• **SOURCE DATA**:
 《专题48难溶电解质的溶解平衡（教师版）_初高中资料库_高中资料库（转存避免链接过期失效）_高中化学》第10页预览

==

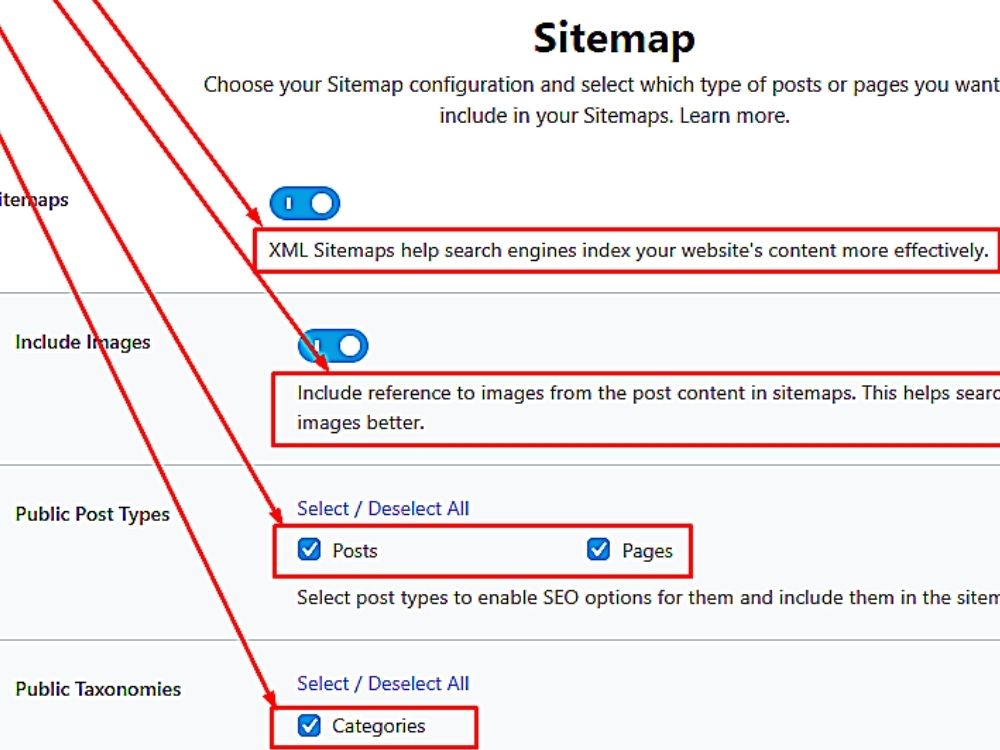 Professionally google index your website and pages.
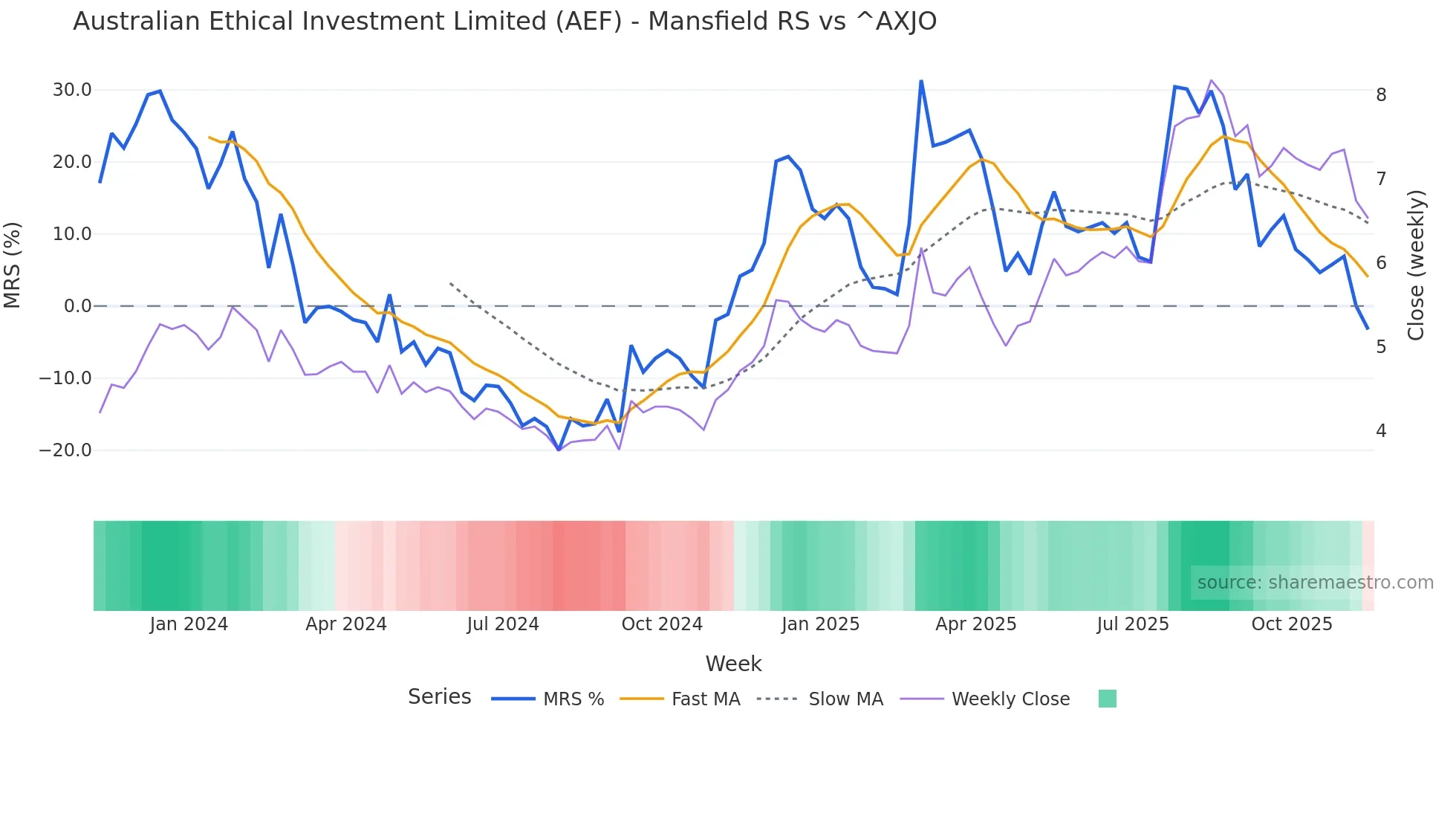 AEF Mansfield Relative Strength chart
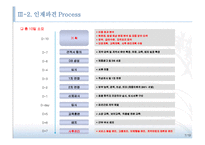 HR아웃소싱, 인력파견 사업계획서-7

* * *

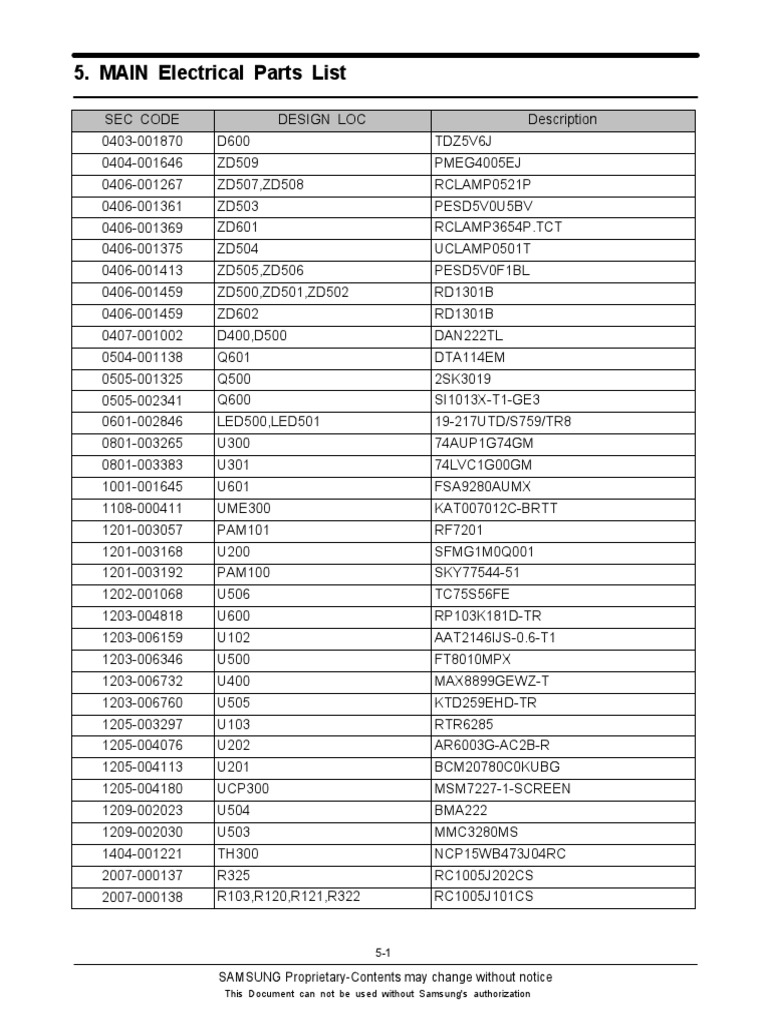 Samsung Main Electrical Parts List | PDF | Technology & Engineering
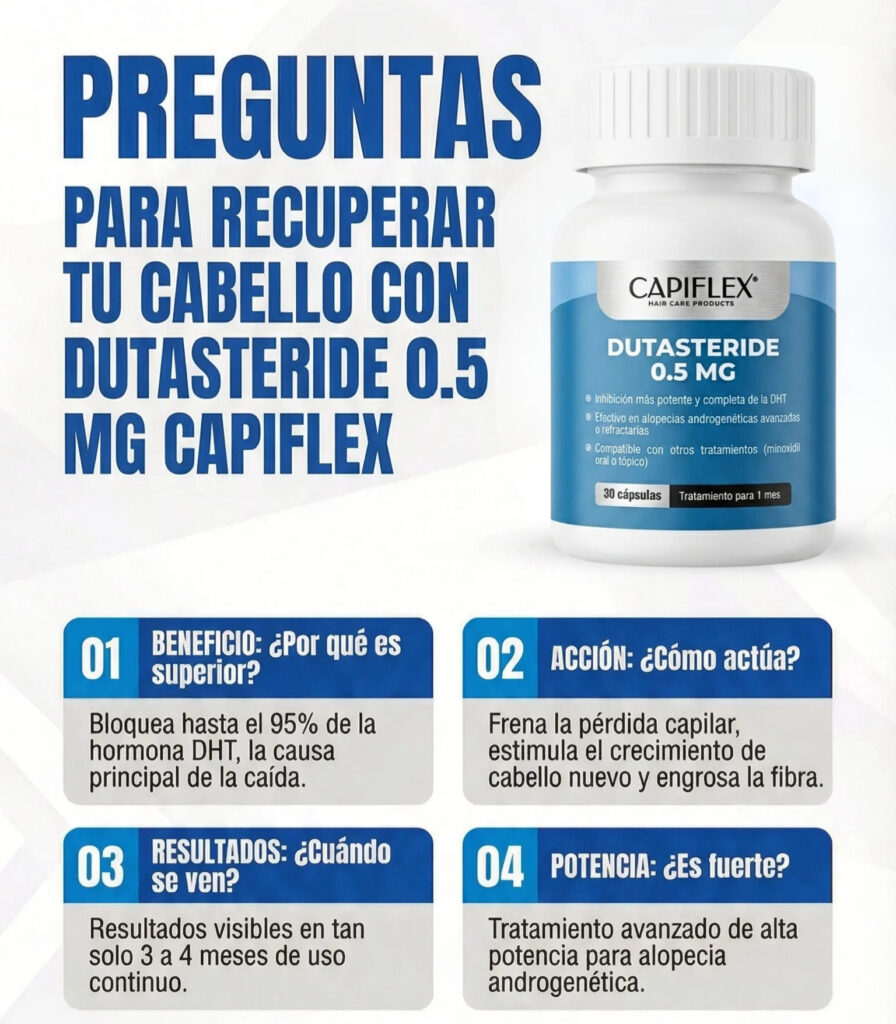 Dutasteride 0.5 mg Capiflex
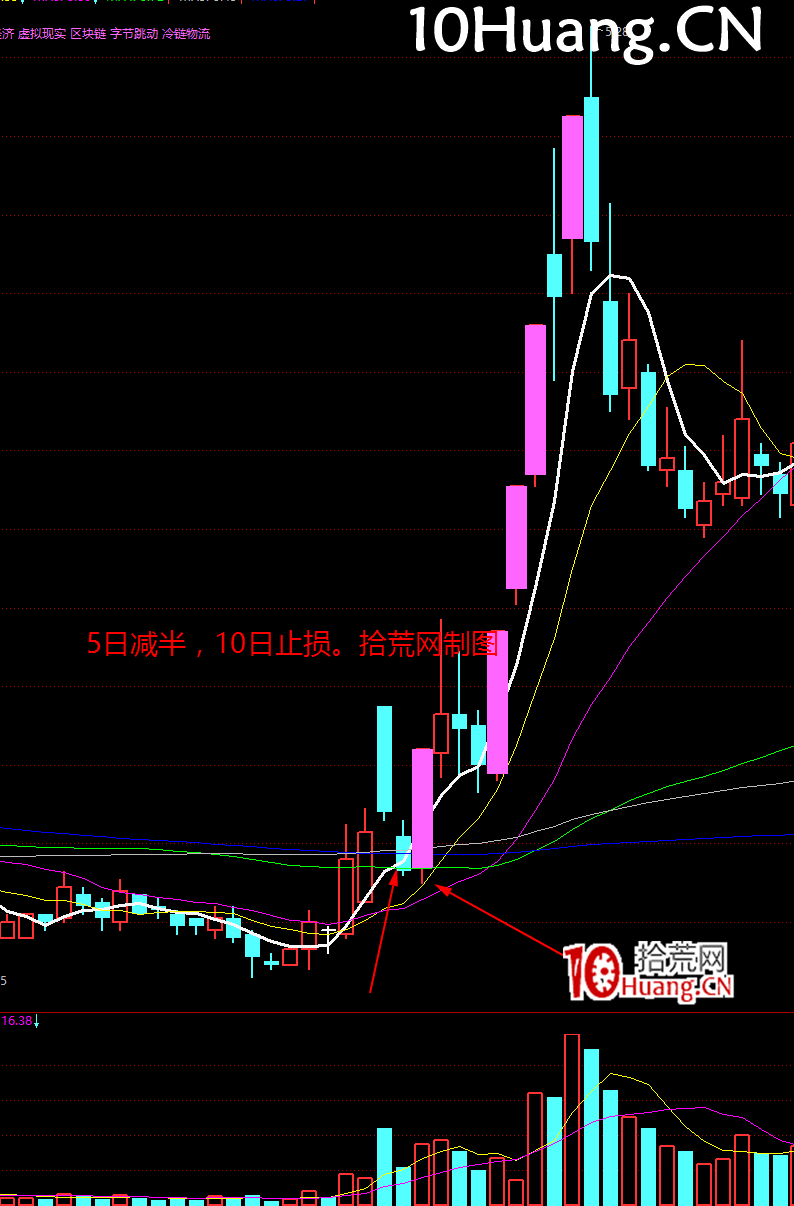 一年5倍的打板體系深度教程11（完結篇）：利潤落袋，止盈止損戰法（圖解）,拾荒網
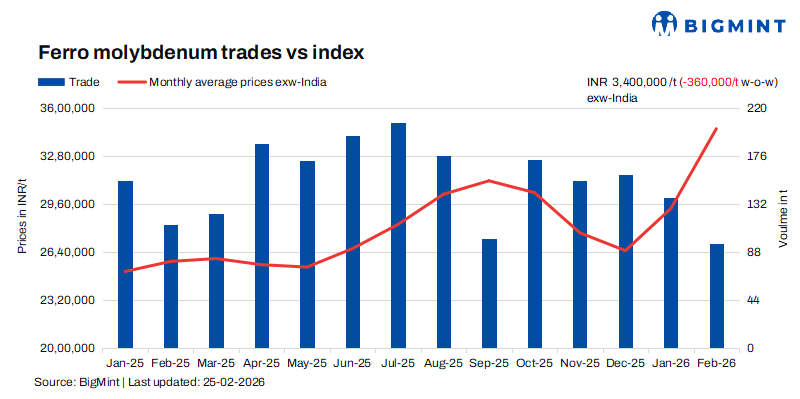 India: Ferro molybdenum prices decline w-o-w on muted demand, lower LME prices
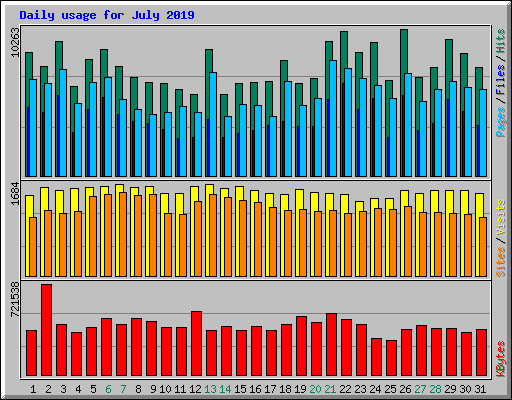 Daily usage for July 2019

• **REQUIREMENT**:
Only one stretch of the data is wanted: write out exactly the lines from the one holding "Professionally google index" through the one holding "HR아웃소싱, 인력파견 사업계획서-7", both included, without the pictures.

• **RESPONSE TO THE EXERCISE**:
 Professionally google index your website and pages.
 AEF Mansfield Relative Strength chart
 HR아웃소싱, 인력파견 사업계획서-7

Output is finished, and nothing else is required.